The decision means Dahlan could be brought to trial on graft charges made against him by the Palestinian anti-corruption authority, which was set up by Abbas.
The court's ruling, which cannot be appealed, makes it more likely that Dahlan, who lives in exile in the Gulf, will not return to the Palestinian territories anytime soon, making him less of a political threat to Abbas.
Dahlan, a former senior official in Fatah, the Western-backed party headed by Abbas, fell out of favor in 2011. He is now seen as a strong potential candidate for the presidency if Abbas ever steps down or Palestinian elections are held.
In an effort to bring Dahlan to trial on the corruption charges, Abbas issued a presidential decree in 2012 stripping him of immunity. It is that decree the High Court upheld.
A statement issued by the judicial council said the court had rejected Dahlan's appeal because he had failed to petition against the decree within 60 days.

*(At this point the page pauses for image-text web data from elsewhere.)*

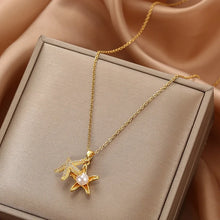 Load image into Gallery viewer, Starfish Pearl Necklace
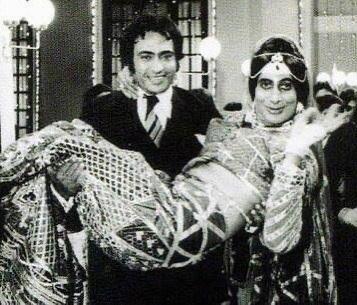 Ranjeet, who studied in Delhi's Hindu College for some time, got into the film industry in 1966-67, playing the role of Rekha's brother in the movie Saawan Bhado.
In picture: Ranjeet with Amitabh Bachchan on the sets of Laawaris, while shooting for the song 'Mere Angne Mein'.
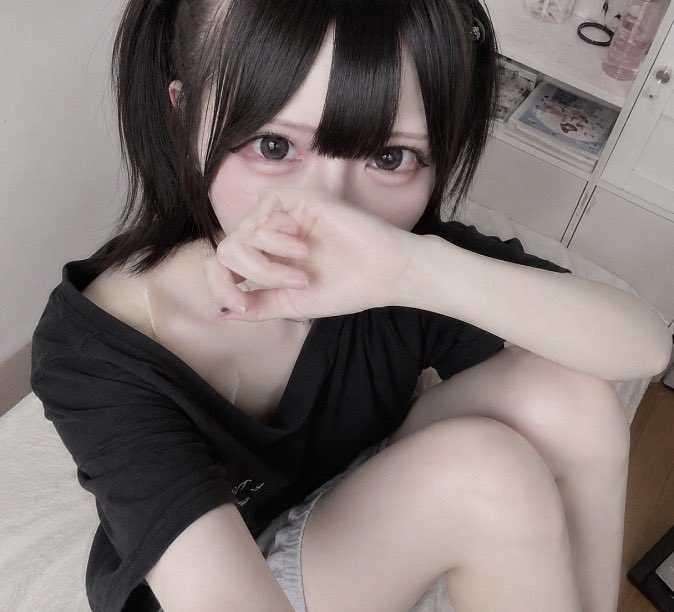 ema061022's tweet photo. ひまなひとー
#裏垢女子 #自撮り界隈 https://t.co/esM2MT2gRB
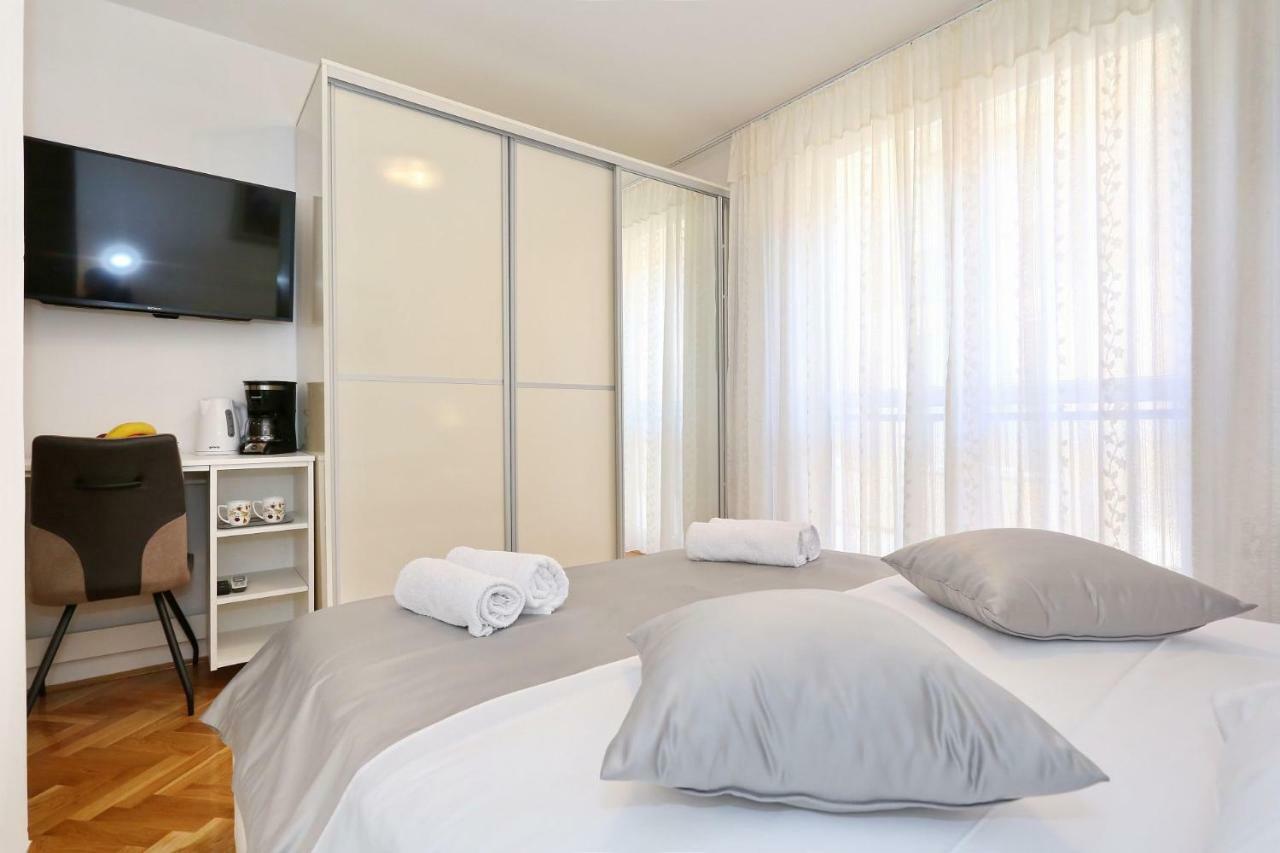 زادار Neva Modern Apartment المظهر الخارجي الصورة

Dahlan argued it was not up to the president to strip him of immunity but the Palestinian parliament, known as the legislative council, which has not convened in full since 2007.
A former security minister from Gaza, Dahlan, 53, has seen his popularity rise within the Fatah movement and he poses a real threat to the leadership of Abbas, who is 79.
Because of internal factional divisions, it remains unclear when the Palestinians will hold their next presidential and parliamentary elections. The last parliamentary vote was in 2006 and Abbas has been in power since Yasser Arafat's death in 2004, even though his term expired in 2009.
Dahlan has described Abbas as a "dictator" and accused him of using his position for personal interests rather than administering to the affairs of Gaza and the West Bank.